Assessment of Clinical and Laboratory Limits between Hashitoxicosis and Graves’ Disease


  •  Juliana Delfino dos Reis    
  •  Taciana Carla Maia Feibelmann    
  •  Beatriz Pires Ferreira    
  •  Marcus Aurelho Lima    
  •  Janaíne Machado Tomé    
  •  Flávia Alves Ribeiro    
  •  Beatriz Hallal Jorge Lara    
  •  Maria de Fátima Borges    

Abstract

BACKGROUND: Determine the clinical and laboratory features of Hashitoxicosis (Htx) and set standards that will help perform a differential diagnosis with Graves’Disease (GD).

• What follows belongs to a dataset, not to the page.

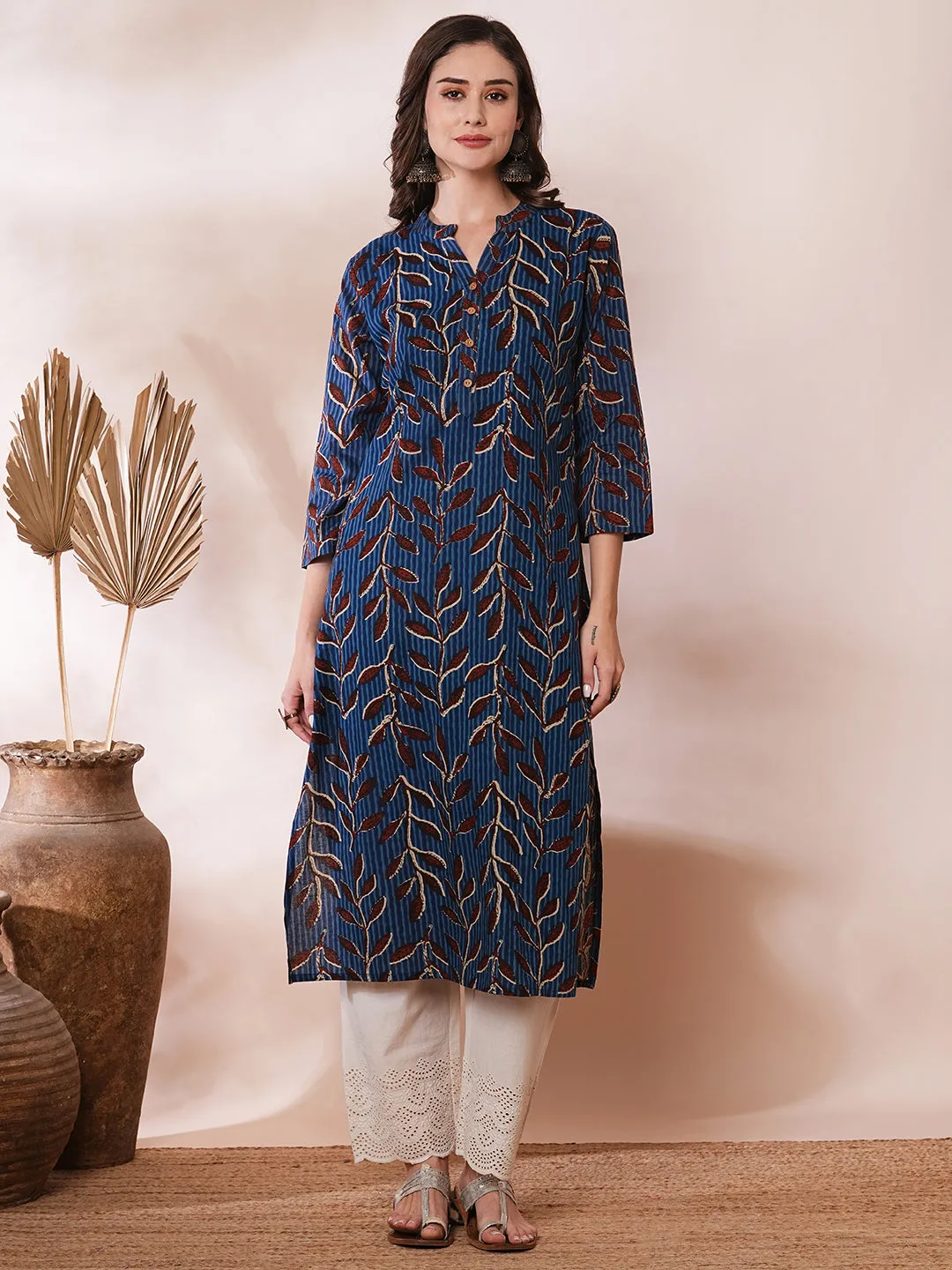 Ethnic Floral Printed Straight Fit Kurta - Blue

SUBJECTS & METHODS: we evaluated 45 patients with Htx (Hashi-group) diagnosed between January/1995 and July/2019 with autoimmune hyperthyroidism and cytology compatible with Hashimoto’s Thyroiditis (HT). The control group consisted of 51 patients with GD (Graves-group).

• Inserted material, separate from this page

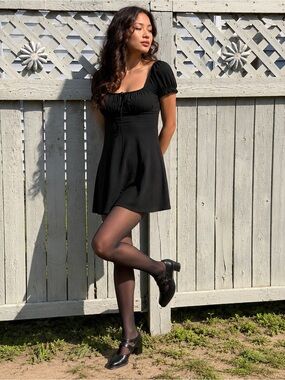 Kenneth Cole Black Leather Mary Jane Block Heel Pumps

RESULTS: clinical hyperthyroidism, free T4 (FT4), thyroid volume and need for antithyroid drugs were higher in the Graves-Group. Values of anti-thyroid antibodies and TSH were higher in the Hashi-Group. The definitive diagnostic criterion was cytology. Regarding the clinical course, 95% of the Hashi-Group had hyperthyroidism of short duration, while 84.3% of Graves-Group required radioactive iodine (RAI).

CONCLUSION: hyperthyroidism due to HT was milder than that associated with GD. In most citology was able to distinguish HT from GD and predict spontaneous resolution preventing unnecessary RAI.